Britain’s economy unexpectedly shrank in the second quarter of the year on Brexit turmoil, official data showed on Friday.
Britain’s economy unexpectedly shrank in the second quarter of the year on Brexit turmoil, official data showed on Friday, placing the country on the verge of recession and sending the pound tumbling to a 2.5-year low.
Gross domestic product (GDP) fell 0.2 per cent in the April-June period, the first time the economy has contracted in almost seven years, the Office for National Statistics (ONS) said in a statement, blaming a dramatic slump in the construction and manufacturing sectors.
The data, which was worse than market expectations for zero growth and also reflects global economic strains, sent the pound diving to $1.2056 − the lowest level since early 2017.
Another contraction in the current third quarter would put Britain in an official recession, ahead of the nation’s expected withdrawal from the EU at the end of October.
“The latest data reveal an economy in decline and skirting with recession as headwinds from slower global economic growth are exacerbated by Brexit-related paralysis,” said IHS Markit economist Chris Williamson.
The result contrasted with 0.5-per cent expansion in the first quarter, when activity was boosted by companies stockpiling ahead of Brexit.
Output was buoyed in the first three months of 2019 because Britain had initially been scheduled to leave the European Union at the end of March.
“GDP contracted in the second quarter for the first time since 2012 after robust growth in the first quarter,” said Rob Kent Smith, ONS head of GDP.
“Manufacturing output fell back after a strong start to the year, with production brought forward ahead of the UK’s original departure date from the EU.
“The construction sector also weakened after a buoyant beginning to the year, while the often-dominant service sector delivered virtually no growth at all,” he added.
British Prime Minister Boris Johnson replaced Theresa May in July after winning the governing Conservatives’ leadership contest on a pledge to take Britain out of the bloc on October 31 with or without a divorce deal.

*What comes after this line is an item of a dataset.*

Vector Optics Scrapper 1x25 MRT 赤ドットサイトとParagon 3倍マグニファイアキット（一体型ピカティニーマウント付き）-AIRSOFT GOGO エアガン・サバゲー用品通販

Brexiteer Johnson, a pivotal ‘Leave’ campaigner in the 2016 EU exit referendum, has repeatedly insisted that Britain can make an economic success of Brexit.
New finance minister Sajid Javid on Friday said that the global economy was slowing, but highlighted other recent positive data for the UK.
“This is a challenging period across the global economy, with growth slowing in many countries,” said Javid.
“But the fundamentals of the British economy are strong − wages are growing, employment is at a record high and we’re forecast to grow faster than Germany, Italy and Japan this year,” he added.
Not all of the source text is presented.